§ **WORK TASK**: Using the records below, write out only the lines from the line containing "A collection of" up to and including the line containing "Ein modernes Wohnzimmer", exactly, with no pictures.

§ **DATA SHOWN**:
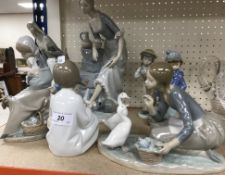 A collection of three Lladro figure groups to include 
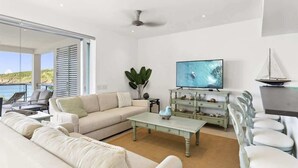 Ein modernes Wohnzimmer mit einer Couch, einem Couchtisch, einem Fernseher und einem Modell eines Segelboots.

--

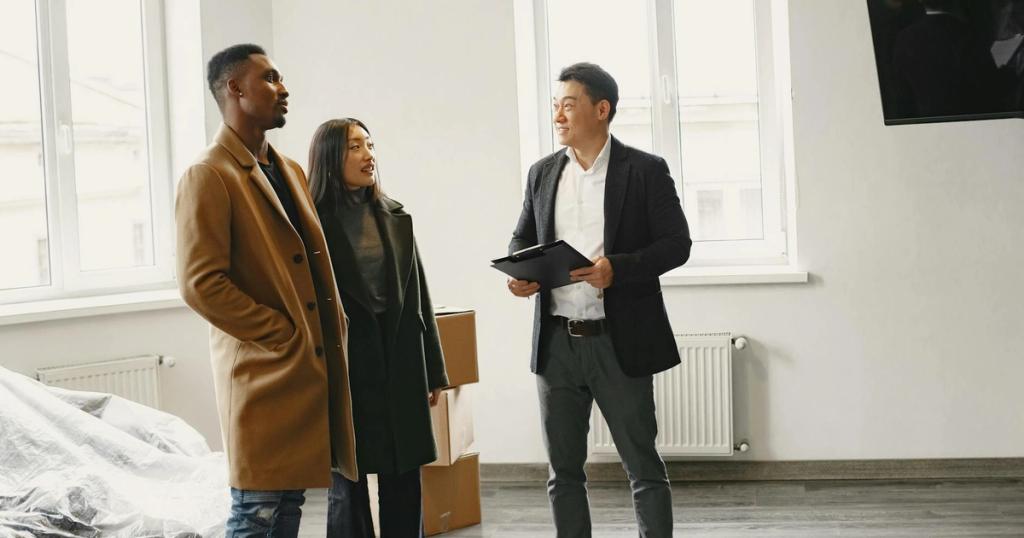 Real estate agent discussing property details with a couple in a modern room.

§ **EXERCISE OUTPUT**:
 A collection of three Lladro figure groups to include 
 Ein modernes Wohnzimmer mit einer Couch, einem Couchtisch, einem Fernseher und einem Modell eines Segelboots.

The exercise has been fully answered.